На этом заканчивается этот короткий, магический по силе текст. После его прочтения нам теперь уже нет смысла настаивать на том, что при полном отсутствии чего-либо своего, при отказе от всего еврейского, в этом голом виде, мой отец был и остается евреем и что через его «всего лишь имя» тянутся нити избранничества. Сравнить это можно только с очень старой аристократией («Германты») или с индуизмом (в котором человек может брахманом только родиться).
И вот эти-то четыре буквы, имя, с которым я родилась, как в рубашке, я, как Исав, и променяла.
Вторая тетрадьОльга Медведкова
6 апреля
1. Все это – гипотеза. То есть именно то, что я люблю в философии (и в поэзии): гипотеза, взгляд снизу, с колен, исподволь, из подлеска, из области травы. А что, если посмотреть на это иначе? А так? Никто не заставляет считать это верным. Но сама возможность подумать иначе уже подарок: окно открывает с шумом. Куда? На что? Пока не знаю. Одни гипотезы подтверждаются опытом, на других можно строить теорию. Но есть такие, пишет Пуанкаре в книге «Наука и гипотеза», которые притягивают мысль к предмету, замедляют ее, превращают мир в поле чудес, а знание в удивление. То же в поэзии.
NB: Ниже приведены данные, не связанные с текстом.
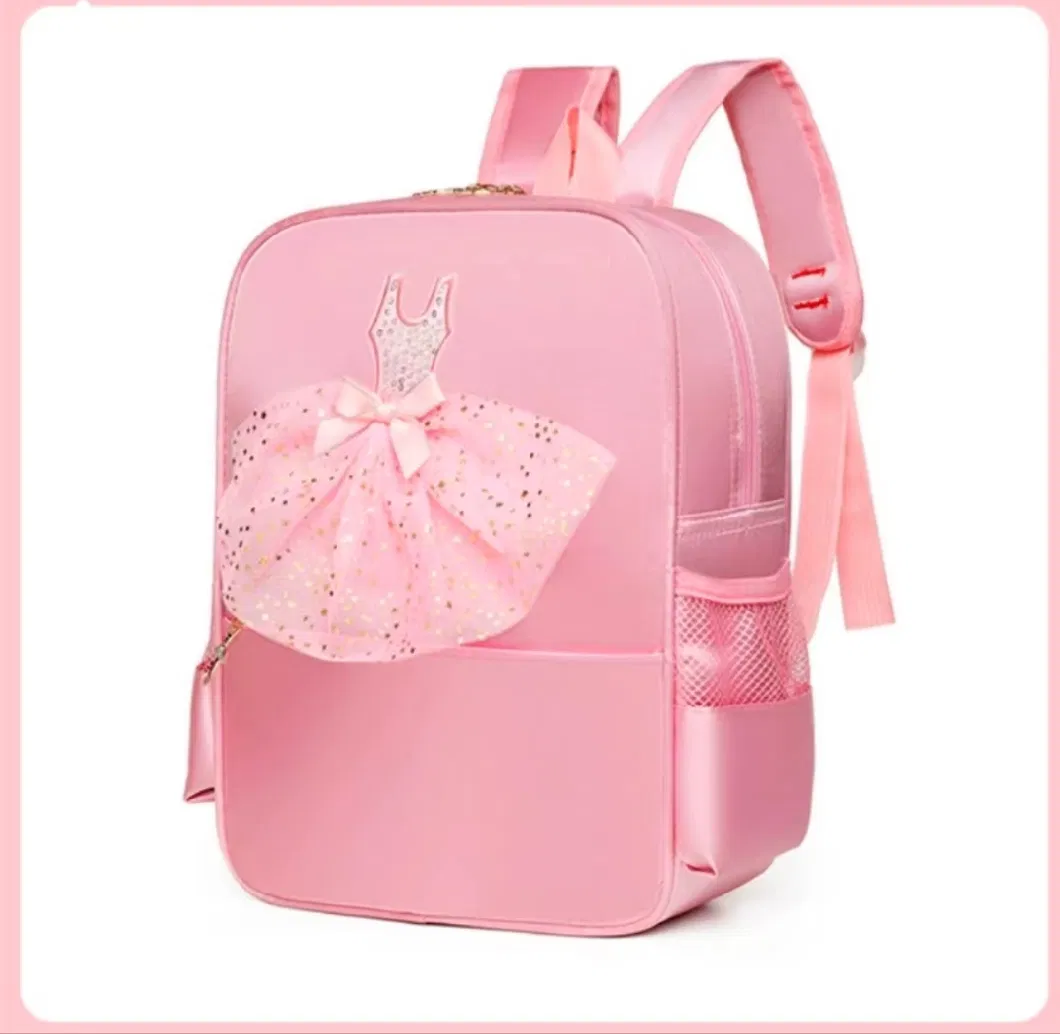 Wholesales Dance School Bags Cute Fashionable Kid Girls Ballet Backpack in Sales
В стихах Мандельштама, начиная с самых ранних, речь идет об игрушечном мире, о созданных вещах. «В лесах игрушечные волки»… Настоящие ли это волки, вещи?
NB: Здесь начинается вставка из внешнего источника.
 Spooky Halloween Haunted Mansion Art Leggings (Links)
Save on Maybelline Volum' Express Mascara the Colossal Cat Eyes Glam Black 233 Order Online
Помню такой эпизод из детства: кружусь вокруг украшенной игрушками елки. Одна игрушка не дает мне покоя. Это стеклянная морковка. Я знаю, что она ненастоящая, но она так похожа, такая как-настоящая, что сердце мое разрывается и, не выдержав, я кусаю ее; течет кровь, мне долго моют рот. Что этот искус (укус) доказал? Что морковка была настоящая.
Эта подлинность ненастоящего – одна из важнейших гипотез Мандельштама. «Неужели я настоящий и действительно смерть придет?»
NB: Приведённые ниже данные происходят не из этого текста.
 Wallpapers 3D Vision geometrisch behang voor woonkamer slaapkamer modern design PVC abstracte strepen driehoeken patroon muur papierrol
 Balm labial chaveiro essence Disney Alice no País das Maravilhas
Первый ответ на этот вопрос – спонтанное «да». Проснись, друг, ты настоящий и умрешь, как все. Но стихотворение – гипотеза; оно длится, мудрит, интригует. Мир игрушек, мир книг тоже ведь настоящий, только иначе. Это мир созданный. «Неужели я настоящий?» А если ответить «нет»? Ты, может быть, и настоящий, но ты же и созданный, ты – творение, и в качестве такового ты не умрешь: какой же творец будет трудиться над вещью, обреченной на смерть?